TULSA, Okla. (AP) — In an effort to battle the rising number of drug crimes on tribal land, the Muscogee (Creek) Nation is considering a unique agreement that would allow a tribal police officer to be cross-commissioned as a federal drug agent.

The tribe’s National Council were set to consider the resolution Saturday that would allow the Lighthorse Tribal Police to enter into the agreement with the U.S. Department of Justice’s Drug Enforcement Administration.

If passed, the agreement would be the first of its kind between the DEA and a tribal police force, Lighthorse Police Chief Jack Shackelford said.
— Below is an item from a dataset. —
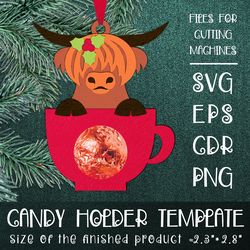 Scottish Highland Cow in a Cup | Candy Holder | Christmas Ornament Template | Paper Craft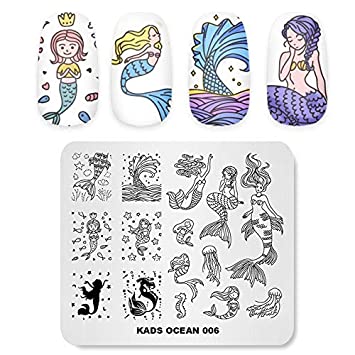 Detail Mermaid Nail Stamping Plates Nomer 9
The tribal agency includes more than 20 patrol officers, two criminal investigators and a K-9 unit. Officers are charged with enforcing tribal, state and federal laws in the Creek Nation.

The officer in the new position would be a liaison between the DEA and the Lighthorse police, allowing for a convenient flow of information between the two groups in drug investigations, Shackelford said.

“It’s giving us the opportunity to gather information from the DEA and work with them for cases on tribal property,” he said. “It opens doors for us to get (criminal) intelligence.”

Under the proposed agreement, the officer would receive training under the DEA and could be used to assist in federal agency cases in the area, he said.

The tribe also is looking at cross-commissioning with the state’s drug enforcement agency, the Oklahoma Bureau of Narcotics, Shackelford said.

The timing for such cross-deputizations is perfect because the amount of drug-related crime near casinos and other tribal land is on the rise mostly because drug runners and drug dealers are exploiting jurisdictional boundaries, said OBN spokesman Mark Woodward.

Shackelford said the tribe probably will approach the drug agency within a couple of weeks about a cross-jurisdictional agreement.